PENDORING PAINTINGS / 2018 - 2022 (ONGOING)

The ongoing series of Pendoring paintings is first and foremost inspired by pendoring trees (Accacia karroo of the Fabacea genus) - thorn trees characteristic in the Klein Karoo landscape in South Africa where I grew up and commonly found throughout Southern Africa. These trees can grow up to 12 meters tall and are covered with paired, straight white thorns that can grow very long. As kids my friends and I used to play barefoot soccer at school under and alongside the canopies of these trees and it often happened that one would end up stepping into one or two of these thorns. Then one would cry or bite on your lip, remove the thorns, collect yourself and continue to play. As a profound memory of my childhood this turned out to be quite the metaphor for navigating one's way through life, and it is precisely this metaphor that I explore visually in this series of paintings.

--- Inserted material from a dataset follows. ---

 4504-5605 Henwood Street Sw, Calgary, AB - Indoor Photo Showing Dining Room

Apart from its abstraction, these compositions also double as African landscapes while its content speak of one's journey to accomplishment, of overcoming obstacles and setbacks, and ultimately, obtaining and appreciating the value of hard earned success. In its interpretation these abstract landscapes can be read by the viewer in terms of their own personal narratives and sense of achievement. Simultaneously, given my history, these works can also be read as a reflection on the harshness and instability of South Africa's ongoing political and socioeconomic landscape. The stark contrast of the overwhelming use of black and white paint also lends emphasis to this interpretation although some of the paintings in this series. This style has since been applied to more figuratively recognizable compositions as well.


PRINTmaking

TAOYUANCUN MONOTYPES / 2021 - 2022

A series of oil-based monotypes created whilst living near the Taoyuancun subway station in the Nanshan district of Shenzhen, China.

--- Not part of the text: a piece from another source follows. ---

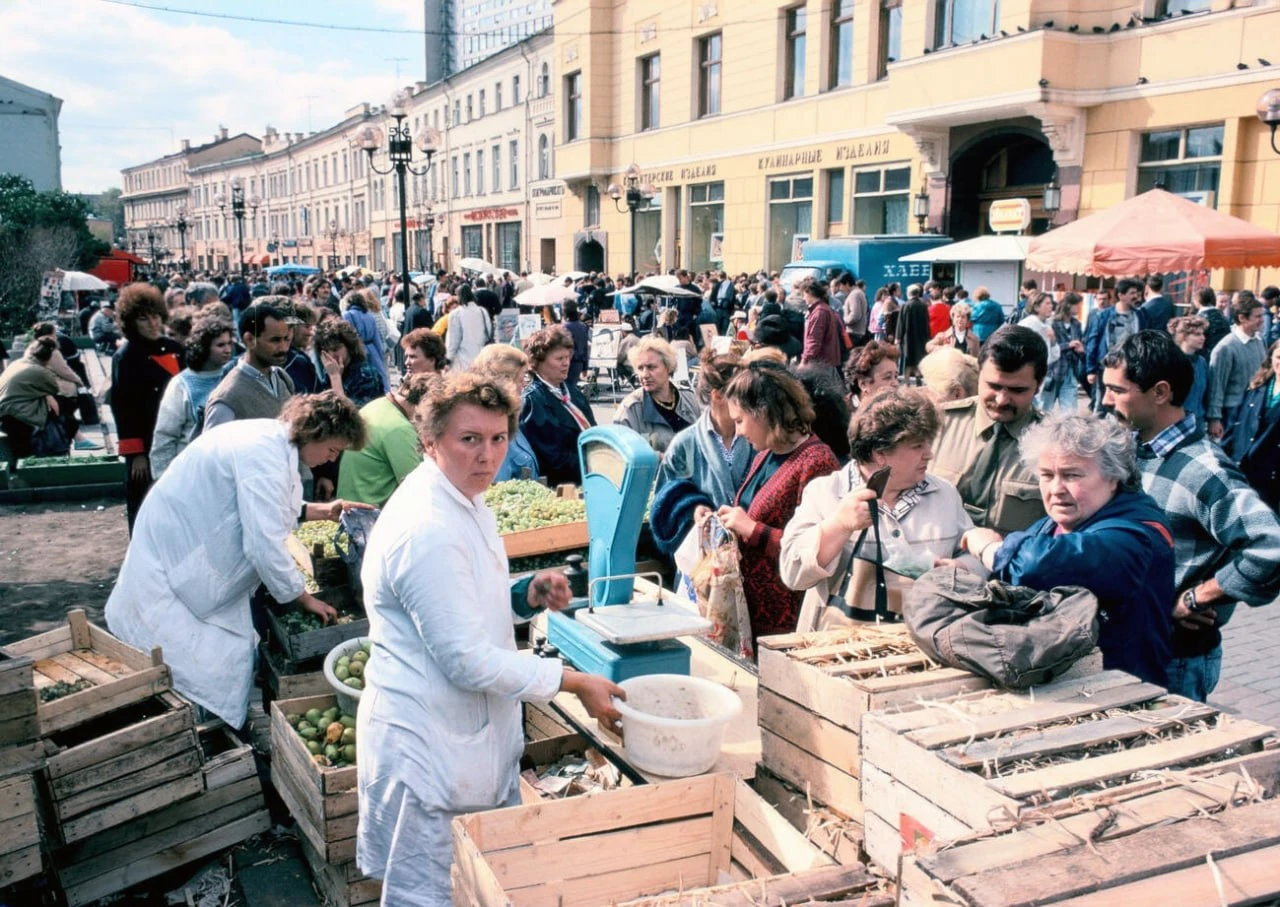 Торговля фруктами на Арбате в Москве.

Selected examples of prints from this series shown.


XINGSHA MONOTYPES / 2019 - 2020

A series of oil-based monotypes created whilst living near the Xingsha subway station in the Xingsha district of Changsha, China.

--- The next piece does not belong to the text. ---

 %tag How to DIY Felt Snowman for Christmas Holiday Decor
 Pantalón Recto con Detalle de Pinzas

Selected examples of prints from this series shown.




HUALIKAN MONOTYPES / 2018 - 2019

A series of oil-based monotypes created whilst living near the Hualikan subway station in the Shunyi district of Beijing, China.

Selected examples of prints from this series shown.

mIXED

Media

TOPOGRAPHIES / 2018 - 2022 (ONGOING)

Since 2013 my process of artmaking has continuously manifested as a succession of series ranging from drawings, giclée print editions, Indian ink paintings with felt-tip pen sketches, acrylic paintings, woodcuts, and more recently, monotypes.


Stylistically, my work has freely moved back and forth and in-between figurative imagery and altogether abstraction. Though the works produced in different series have engaged with a range of interconnected discourses and topics, there is one continuous underlying theme that is ever more at the forefront in my work as evident in the ongoing production of all my work, yet especially so in my mixed media imagery: this theme is what I refer to as my (Immaterial) Topographies.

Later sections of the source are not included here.